Vista desde el relato, la justicia social distributiva es tentadora. Sometida a la realidad, necesita ser aplicada no sólo al Gran Buenos Aires y requiere tomar precauciones que exceden largamente el elemental mecanismo de sacar de un lado para poner en el otro. Como dirían las viejas (discúlpenme el anacronismo de género) "no sirve desvestir un santo para vestir a otro". Porque si antes de distribuir no se genera, se reduce la torta a repartir.
La nueva ley de coparticipación que ordena la Constitución, requiere la aprobación del Congreso nacional y de todas las legislaturas subnacionales, sin excepción. Se afirma que eso nunca será posible porque en una nueva distribución habrá ganadores y perdedores, y nadie quiere arriesgarse a perder. Es la lógica de las miserias que condenan a la política.
Sin una nueva ley, todas las provincias se exponen a un robo del poder central, cosa que ya sucedió con los recortes ilegales del 15 % a todos los distritos durante años.
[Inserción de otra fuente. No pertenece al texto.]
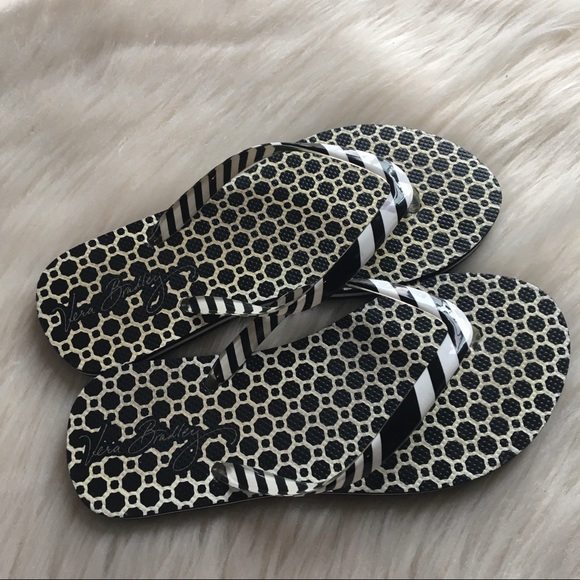 Vera Bradley Shoes - Vera Bradley Black & White sandals flip flops 5-6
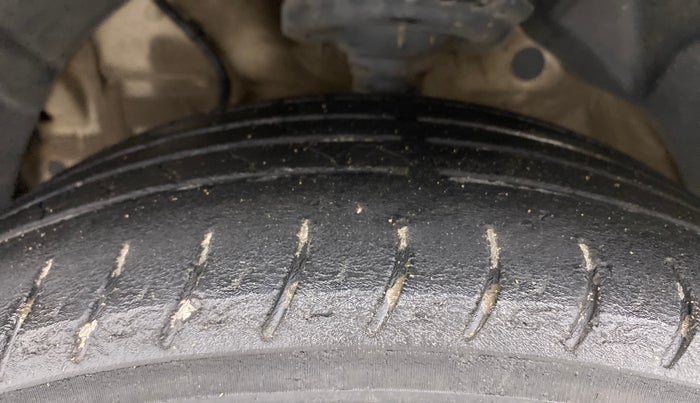 2019 Mahindra XUV300 W8 1.5 DIESEL, Diesel, Manual, 69,216 km, Left Front Tyre Tread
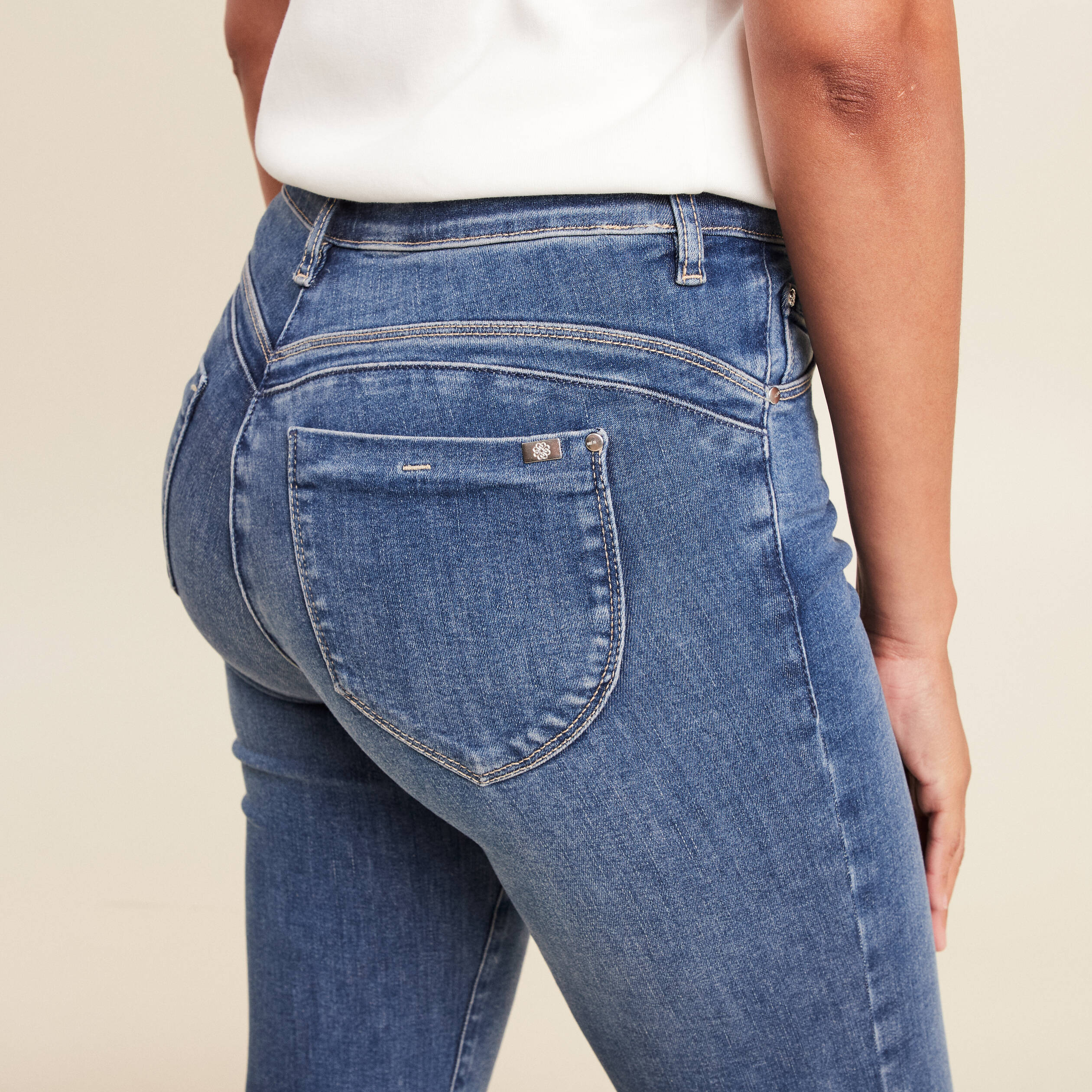 jean magique ajuste taille standard denim double stone femme Jean magique ajusté taille standard denim double stone femme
Santa Fe lo padeció de 2006 a 2015; el fallo a su favor en la Corte es todavía, en parte, justicia inocua.
Sin una norma a la cual consagrar la distensión de las disputas y la organización que posibilite generar más riquezas, la distribución estará condenada a porciones cada vez menores, a disputadas cada vez menos institucionales, incluso a tentaciones violentas.